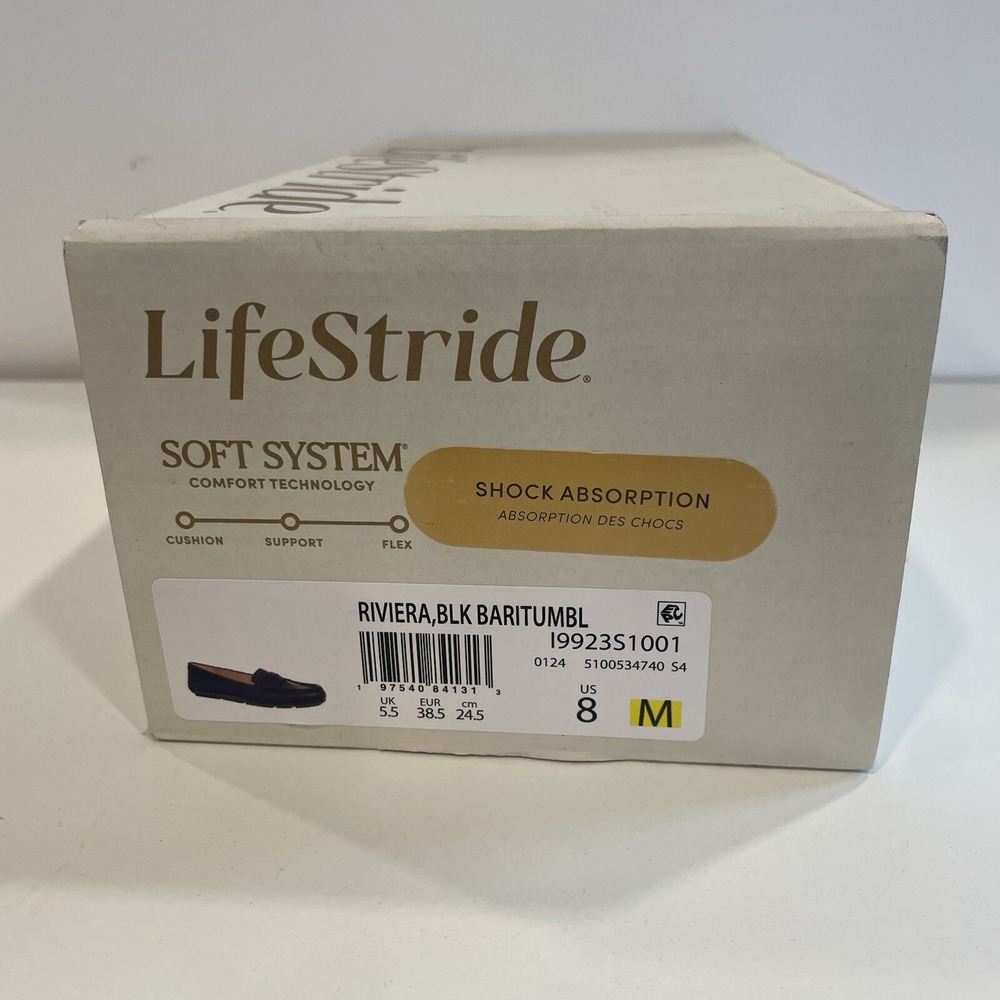 LifeStride Black Riviera Loafers Women's Size 8 Comfort Cushion Supportive Shoes - Picture 8 of 8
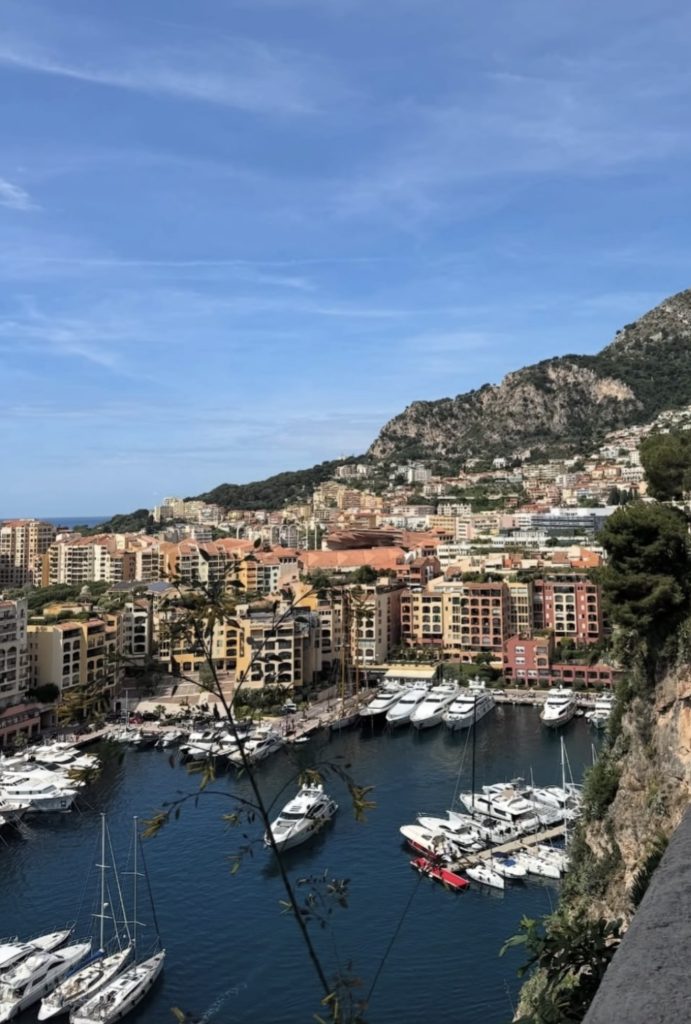 a picture of the Monte Carlo's old harbour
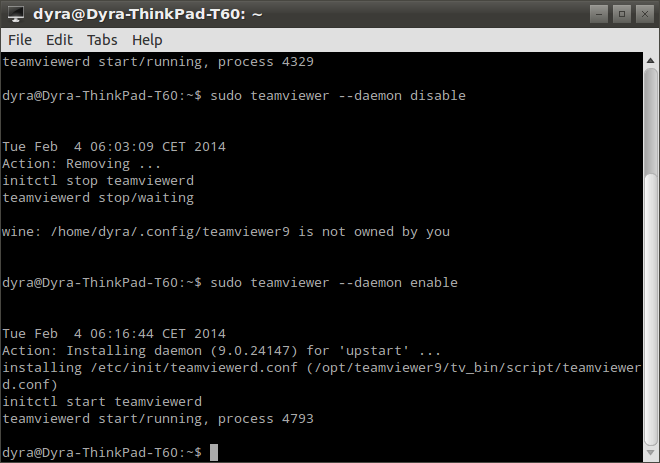 Lxterminal -sudo teamviewer --daemon enable-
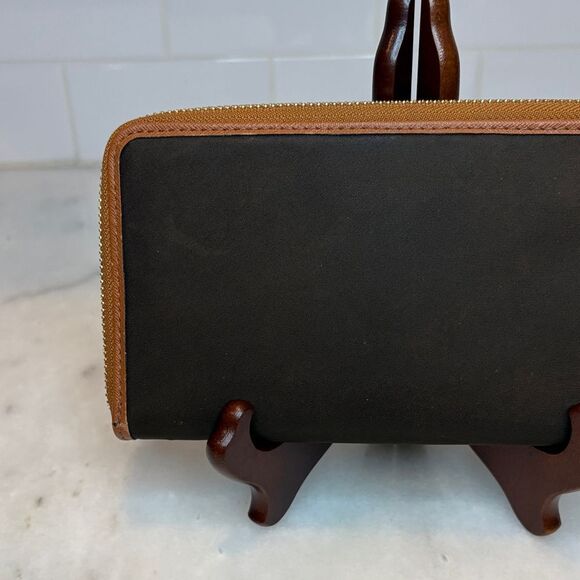 Michael Kors Nylon Leather Full Zip Continental Wallet - Picture 5 of 15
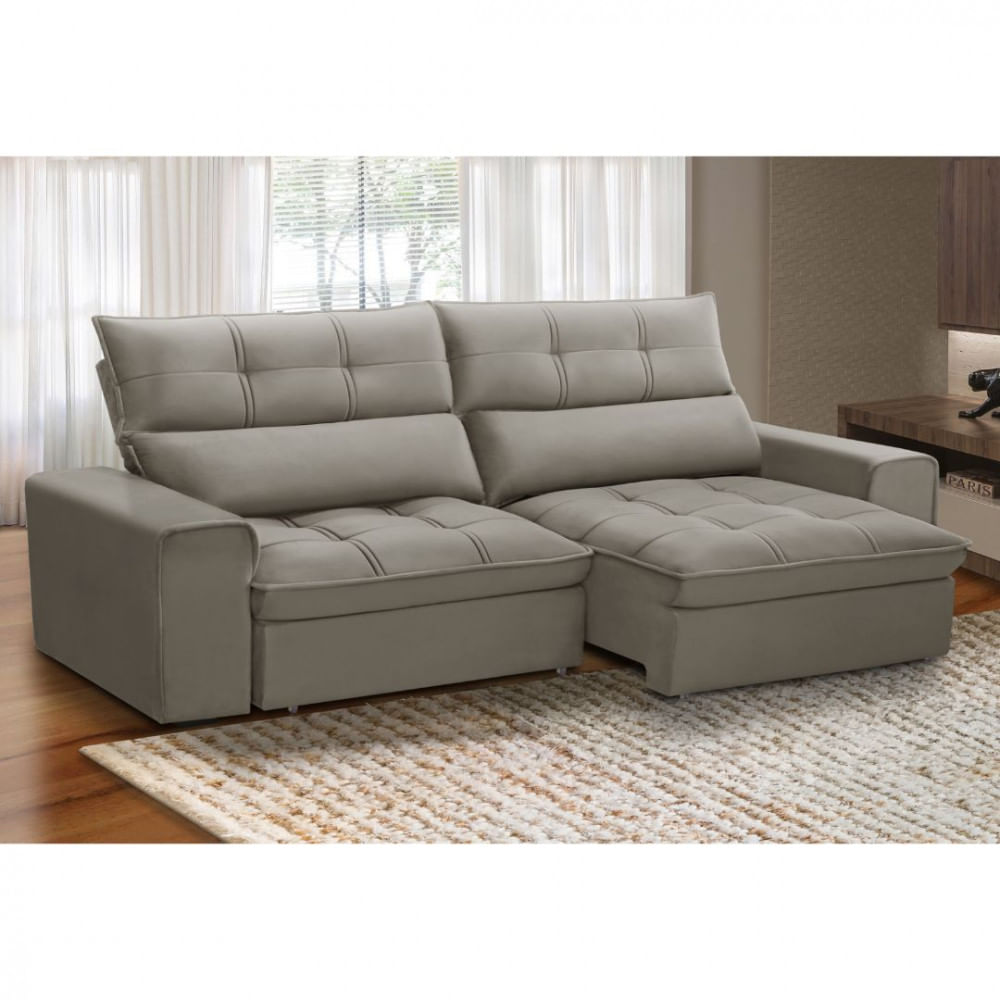 Sofa 3 Lugares Retratil E Reclinavel Ferguile Lotus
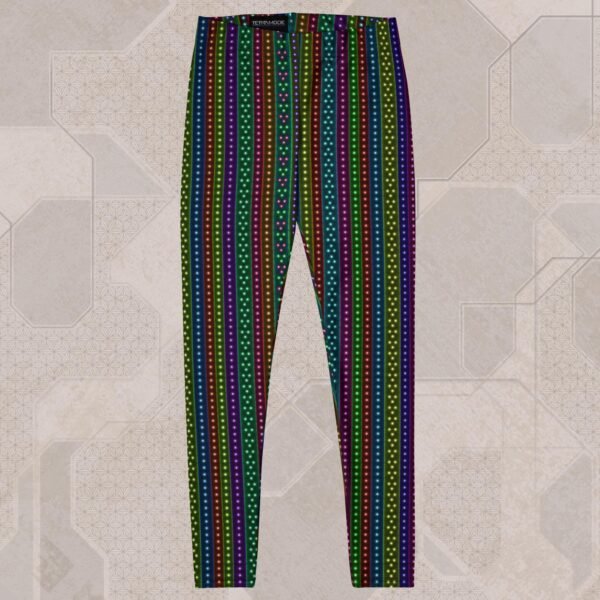 Modelo Eco-Conscious Visionary Art Leggings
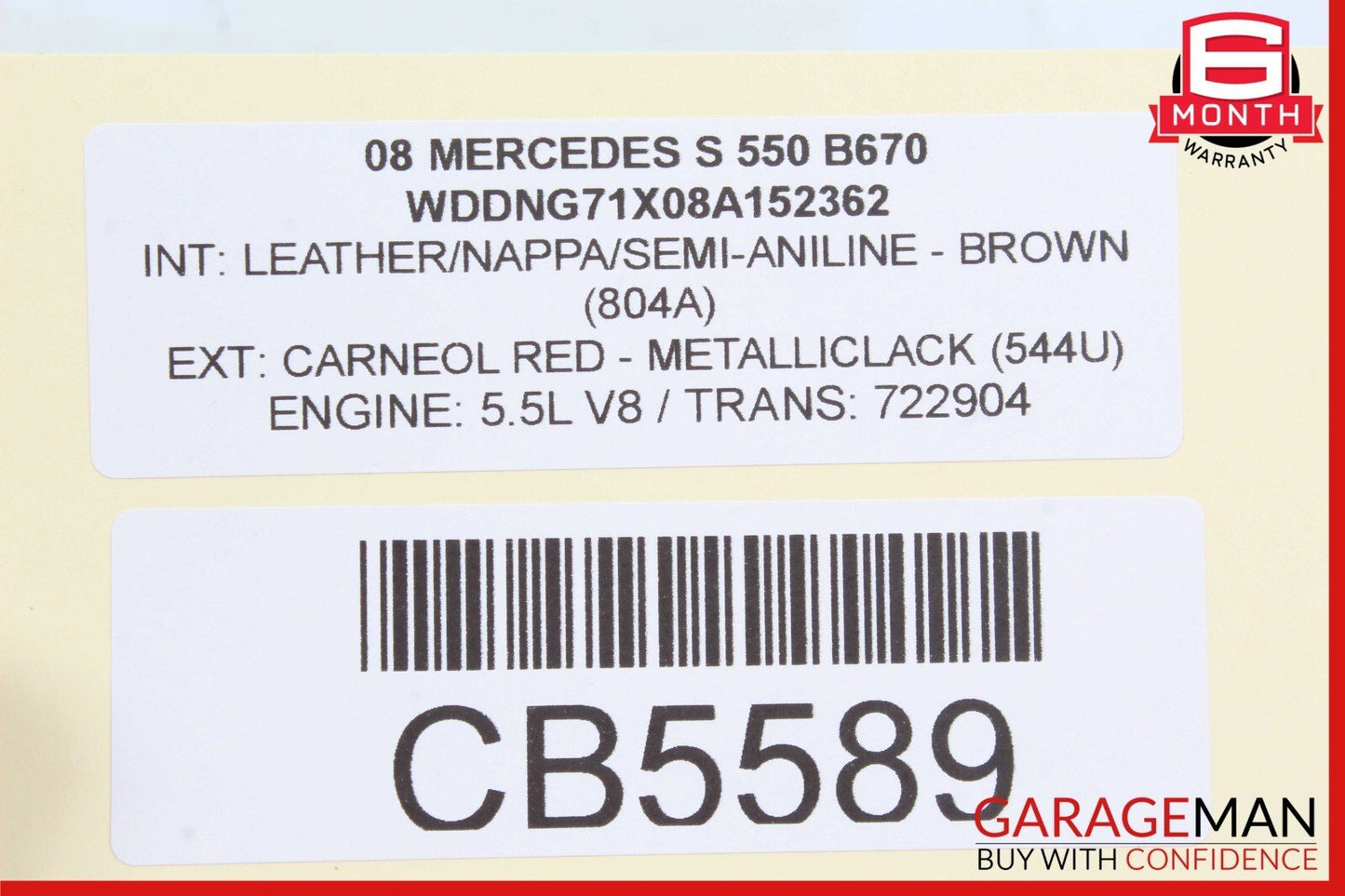 07-14 Mercedes W221 S550 CL550 S400 CL63 AMG Electronic Parking Button Switch
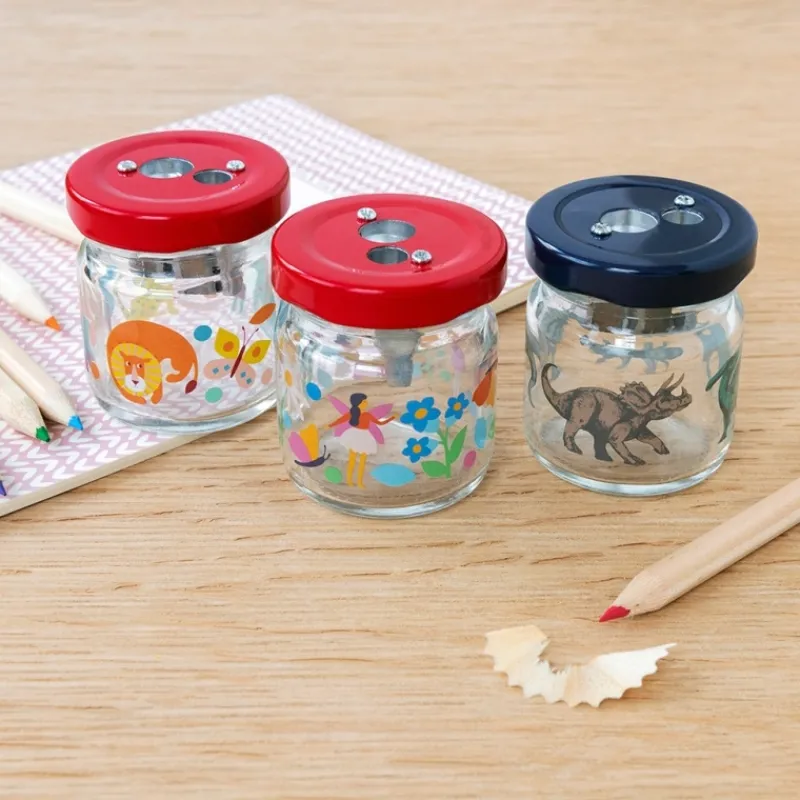 Rex London Glass jar pencil sharpener - Fairies in the Garden Fashion
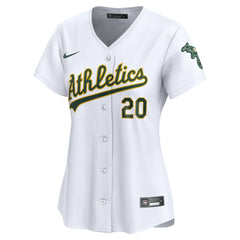Zack Gelof Athletics Women's Home Limited Player Jersey - White | Nike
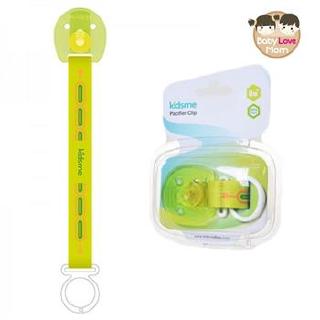 Kidsme Glow in the Dark Pacifier Clip Lime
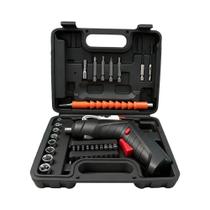 Conjunto De Chaves De Fenda Sem Fio 47PCS Com Bateria De Lítio Recarregável De 3.6v Para Manutenção Conjunto De Chaves De Fenda Sem Fio 47PCS Com Bateria De Lítio Recarregável De 3.6v Para Manutenção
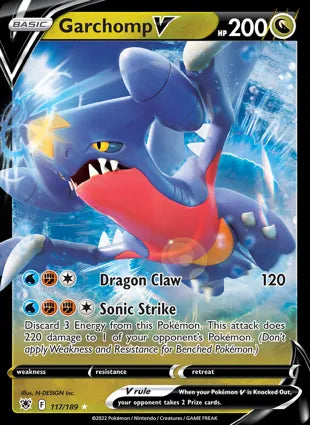 Pokémon TCG: Astral Radiance 117 Garchomp V-Collectible Trading Cards-Ashdown Gaming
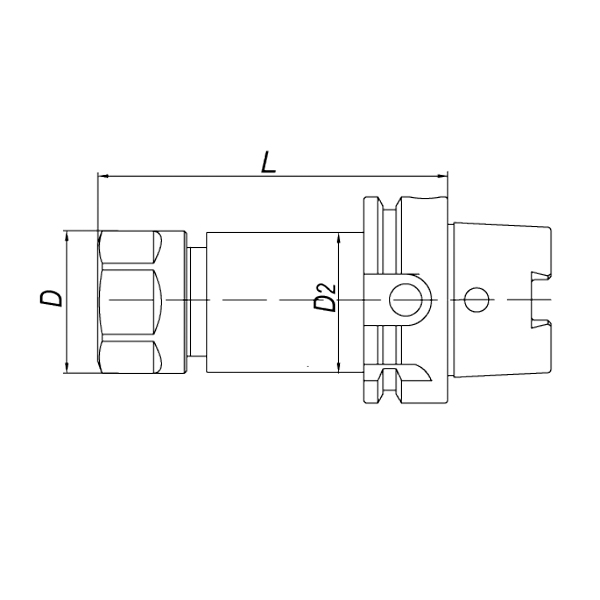 Патрон цанговый с шестигранной гайкой HSK63A-ER20-160 DIN69893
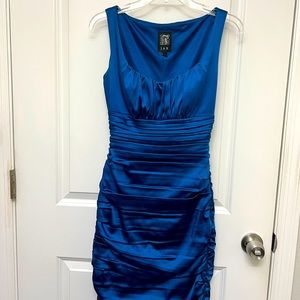 Sapphire Blue Satiny Dress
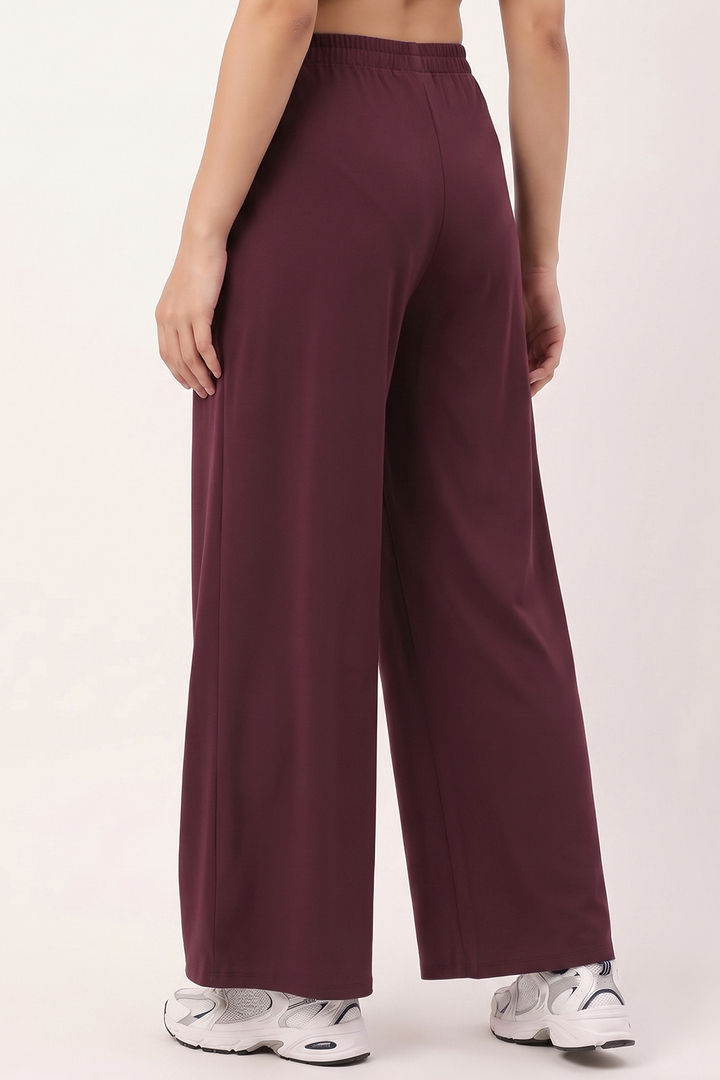 Zivame Knit Poly Athleisure Wide Leg Lifewear Bottom - Fig — image 4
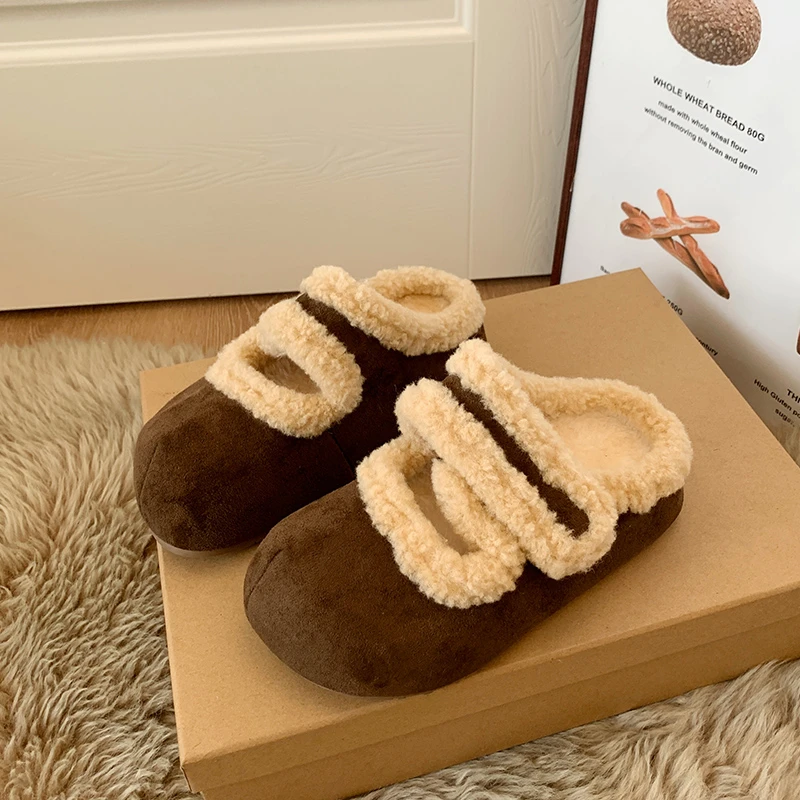 Wintermode für Damen, lässige Hausschuhe, 2025, neue Stiefel, weiche Sohle, Hausschuhe, rutschfest, vielseitig, Prinzessin, warme Slip-on-Stiefel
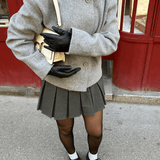 Women's Tailored Wool Button-Front Jacket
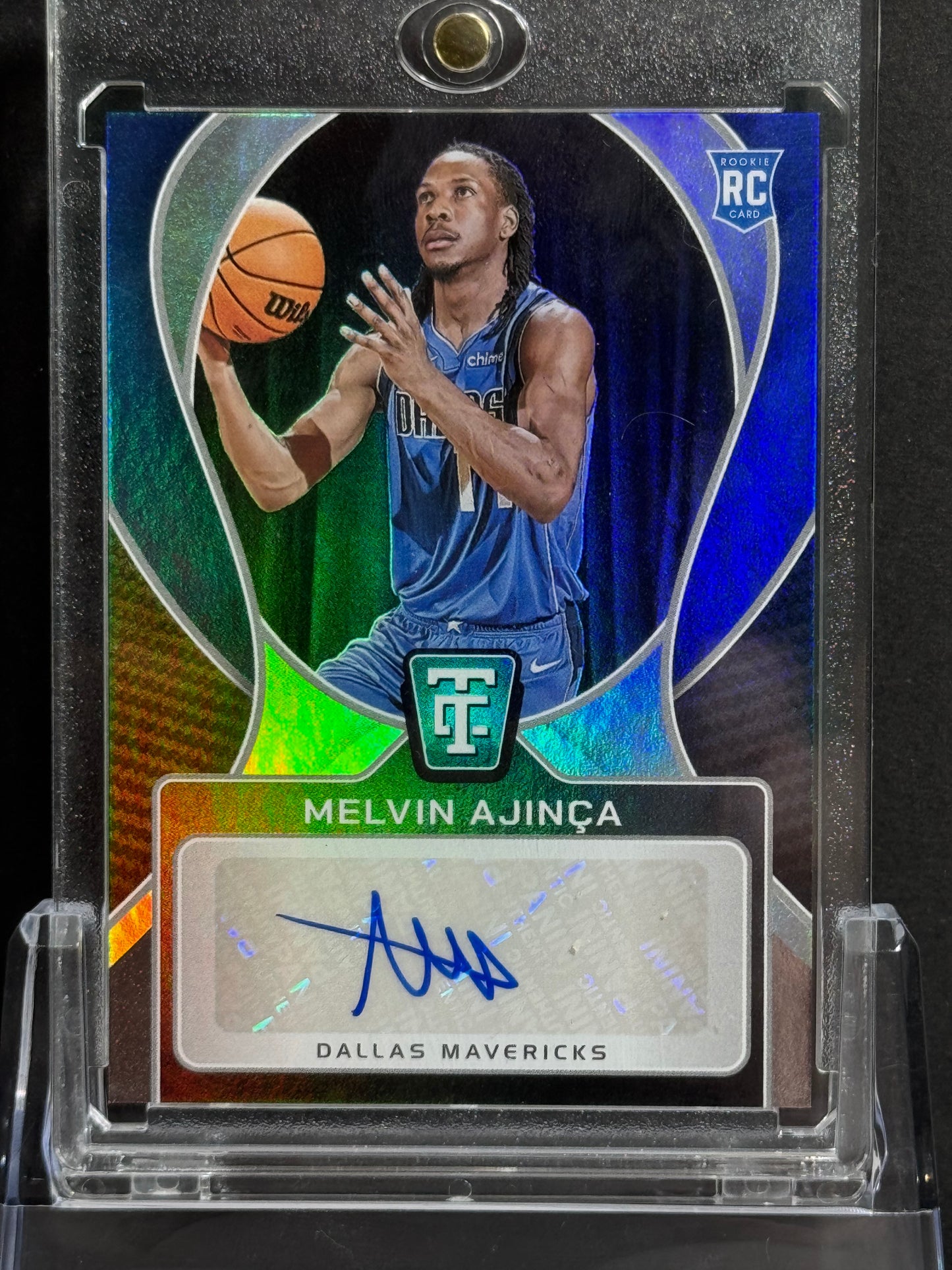2025 Totally Certified Signed Melvin Ajinca Rookie Card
────────────────
Your goal:
Find the line holding "Sofa 3 Lugares" in the data above. Retype it and every later line exactly, through the end, but not the pictures.

Solution below:
 Sofa 3 Lugares Retratil E Reclinavel Ferguile Lotus
 Modelo Eco-Conscious Visionary Art Leggings
 07-14 Mercedes W221 S550 CL550 S400 CL63 AMG Electronic Parking Button Switch
 Rex London Glass jar pencil sharpener - Fairies in the Garden Fashion
Zack Gelof Athletics Women's Home Limited Player Jersey - White | Nike
 Kidsme Glow in the Dark Pacifier Clip Lime
 Conjunto De Chaves De Fenda Sem Fio 47PCS Com Bateria De Lítio Recarregável De 3.6v Para Manutenção Conjunto De Chaves De Fenda Sem Fio 47PCS Com Bateria De Lítio Recarregável De 3.6v Para Manutenção
 Pokémon TCG: Astral Radiance 117 Garchomp V-Collectible Trading Cards-Ashdown Gaming
 Патрон цанговый с шестигранной гайкой HSK63A-ER20-160 DIN69893
 Sapphire Blue Satiny Dress
 Zivame Knit Poly Athleisure Wide Leg Lifewear Bottom - Fig — image 4
 Wintermode für Damen, lässige Hausschuhe, 2025, neue Stiefel, weiche Sohle, Hausschuhe, rutschfest, vielseitig, Prinzessin, warme Slip-on-Stiefel
 Women's Tailored Wool Button-Front Jacket
2025 Totally Certified Signed Melvin Ajinca Rookie Card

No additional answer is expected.